■ WHAT THE EXERCISE ASKS:
Through to the final line, write out the records below exactly, omitting any images they contain.
DATASET RECORDS section start
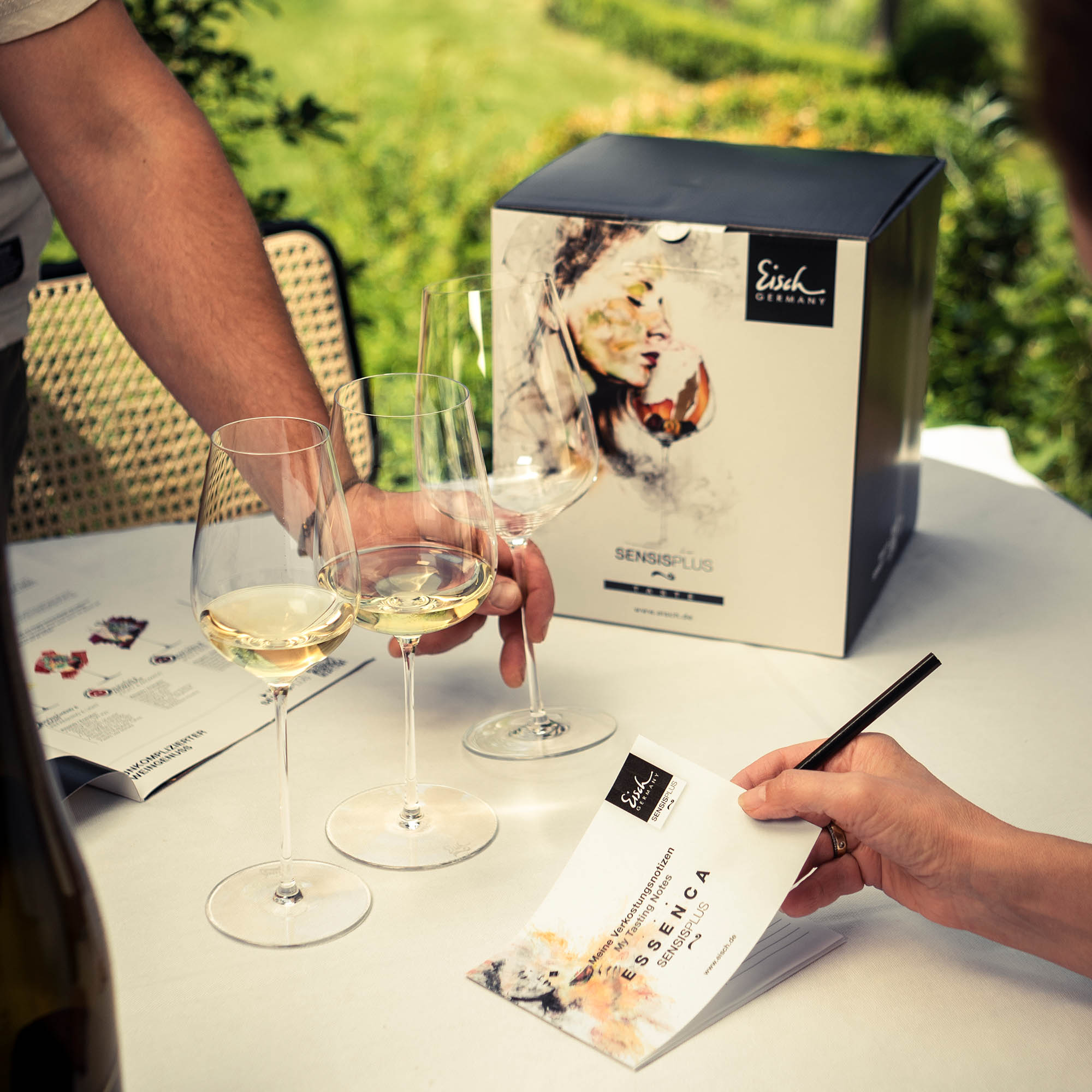 EISCH Serie ESSENCA SENSISPLUS Tasting Set mit 3 Gläsern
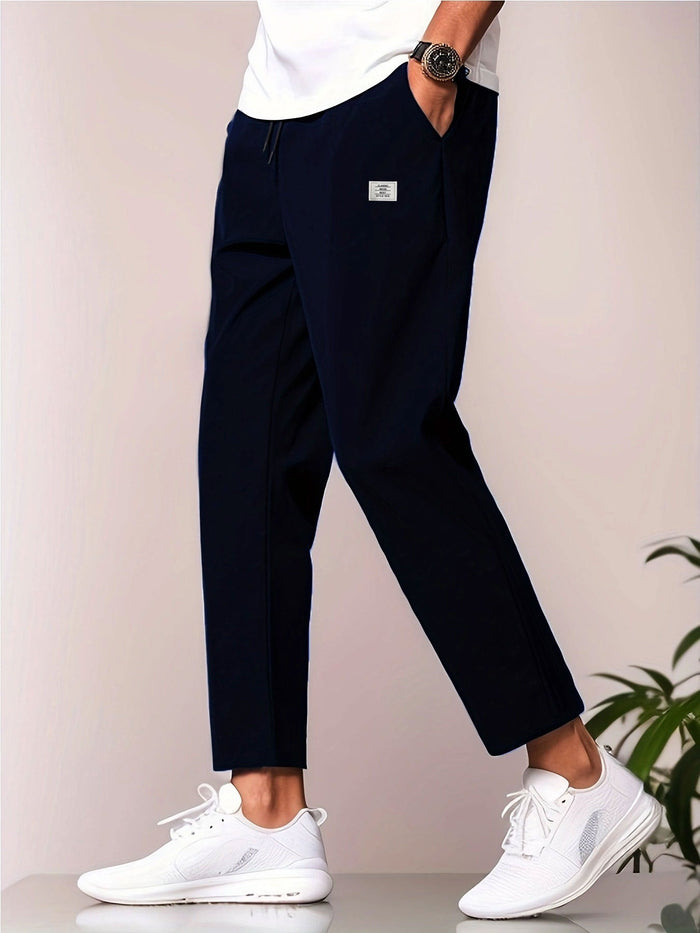 Pantalon de sport pour homme avec taille élastique et cordon de serrage
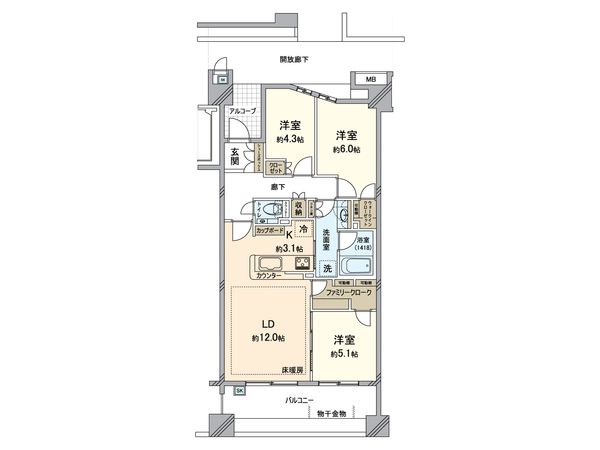 間取図(平面図)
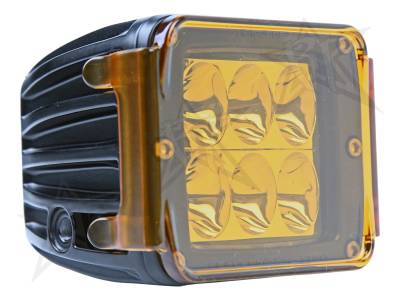 Rigid Industries - Rigid Industries Protective Polycarbonate Cover - Dually/D2 - Ambar 20193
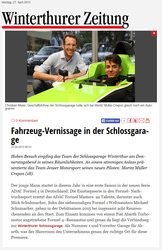 Fahrzeug-Vernissage in der Schlossgarage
DATASET RECORDS section end
■ SOLVED PROBLEM:
 EISCH Serie ESSENCA SENSISPLUS Tasting Set mit 3 Gläsern
 Pantalon de sport pour homme avec taille élastique et cordon de serrage
 間取図(平面図)
 Rigid Industries - Rigid Industries Protective Polycarbonate Cover - Dually/D2 - Ambar 20193
 Fahrzeug-Vernissage in der Schlossgarage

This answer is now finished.